With the pictures removed, the data below must be transcribed in full and exactly.

Material provided:
★ ★ ★ ★ ★ ★ ★

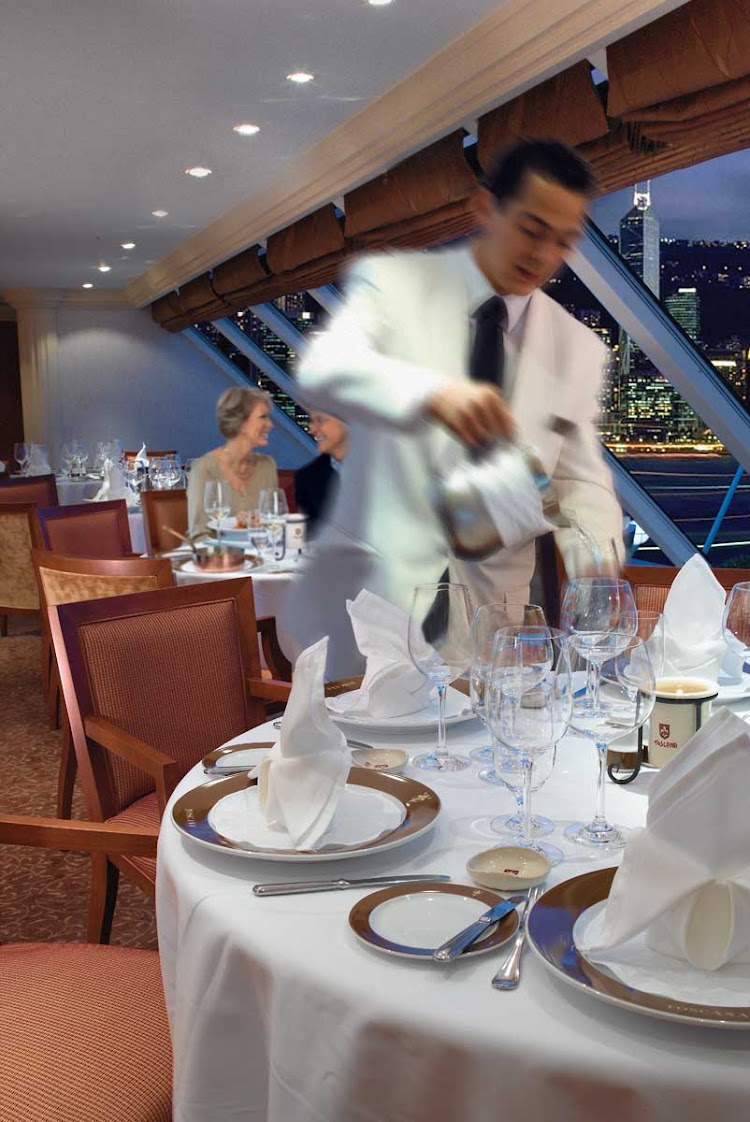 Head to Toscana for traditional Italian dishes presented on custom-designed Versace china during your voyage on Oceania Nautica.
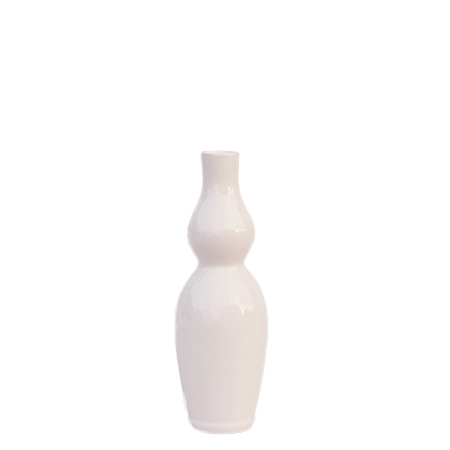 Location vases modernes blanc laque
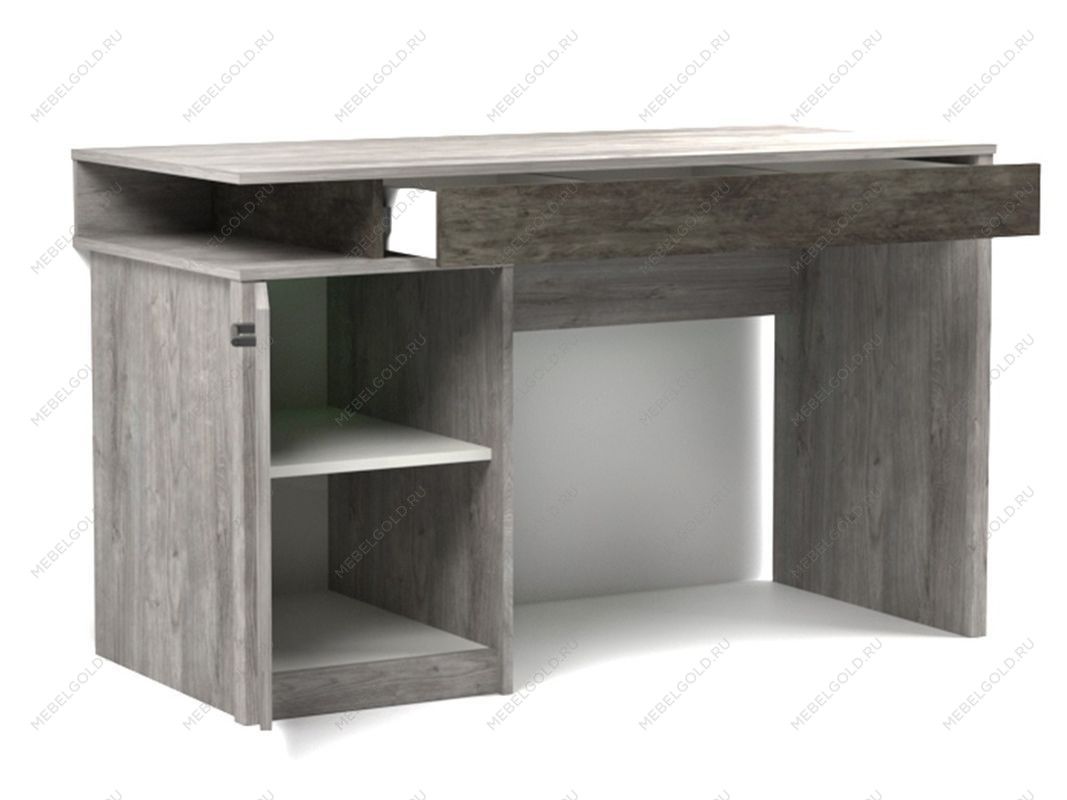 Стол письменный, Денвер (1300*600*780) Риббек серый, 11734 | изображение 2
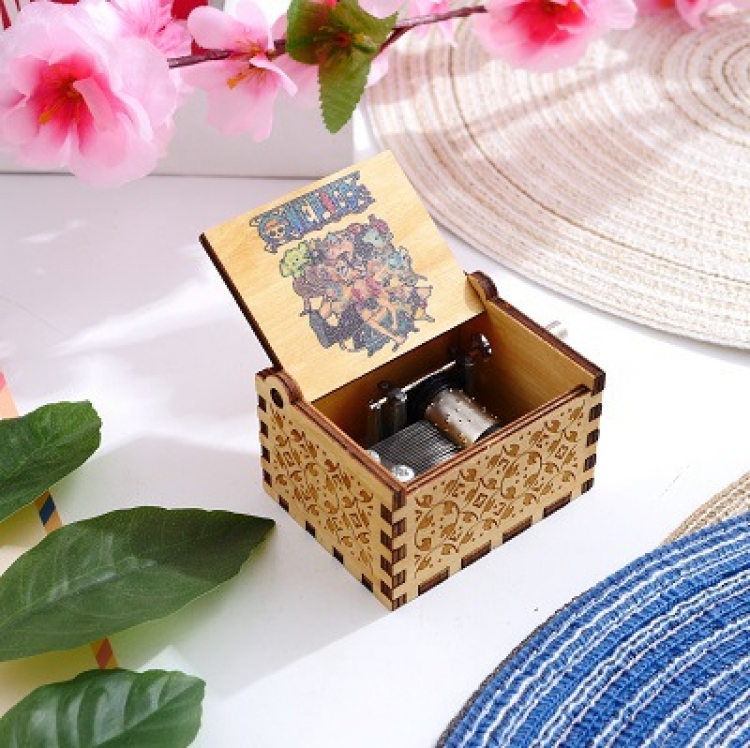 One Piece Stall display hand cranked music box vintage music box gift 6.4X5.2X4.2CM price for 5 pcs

★ ★ ★ ★ ★ ★ ★

Your solution:
 Head to Toscana for traditional Italian dishes presented on custom-designed Versace china during your voyage on Oceania Nautica.
 Location vases modernes blanc laque
 Стол письменный, Денвер (1300*600*780) Риббек серый, 11734 | изображение 2
 One Piece Stall display hand cranked music box vintage music box gift 6.4X5.2X4.2CM price for 5 pcs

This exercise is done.